Nestlé has officially opened its Institute of Packaging Sciences to help bring functional, safe and environmentally friendly packaging solutions to the market and address the plastic packaging waste issue.

Designed to help Nestlé achieve its commitment to make 100% of its packaging recyclable or re-usable by 2025, the institute will focus on areas pertaining to science and technology, such as refillable or reusable packaging, simplified packaging materials, recycled packaging materials, high-performance barrier papers and bio-based, compostable and biodegradable materials.

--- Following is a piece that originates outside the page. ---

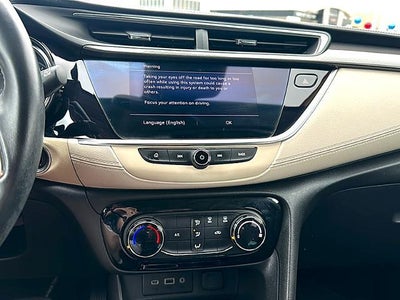 2020 Buick Encore GX Preferred AWD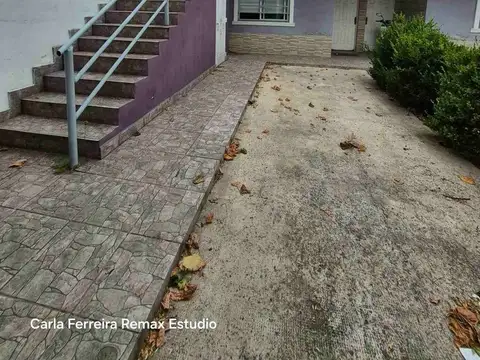 ALQUILER DEPARTAMENTO 2 AMBIENTES MORON, COCHERA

In close collaboration with the company’s global R&D network, academic partners, suppliers and start-ups, the institute will evaluate the safety and functionality of various sustainable packaging materials. Research focus areas will include recyclable, biodegradable or compostable polymers, functional paper, as well as new packaging concepts and technologies to increase the recyclability of plastic packaging. The new solutions will be tested in various product categories, before they are rolled out across Nestlé’s global portfolio.

“Our vision is a world in which none of our packaging ends up in landfill or as litter. To achieve this we introduce re-usable packaging solutions and pioneer environmentally friendly packaging materials. Furthermore, we support the development of local recycling infrastructure and deposit schemes to help shape a waste-free world. The Nestlé Institute of Packaging Sciences enables us to create a strong pipeline of sustainable packaging solutions for Nestlé products across businesses and markets,” said Mark Schneider, Nestlé CEO.

Located in Lausanne, Switzerland, the institute will employ around 50 people and include a state-of-the-art laboratory complex as well as facilities for rapid prototyping.

Image credit: ©stock.adobe.com/au/mipan

Related News

Magic milk: Monash University infant formula research

A study has shown that infant formulas can be designed to enhance antimalarial drug delivery.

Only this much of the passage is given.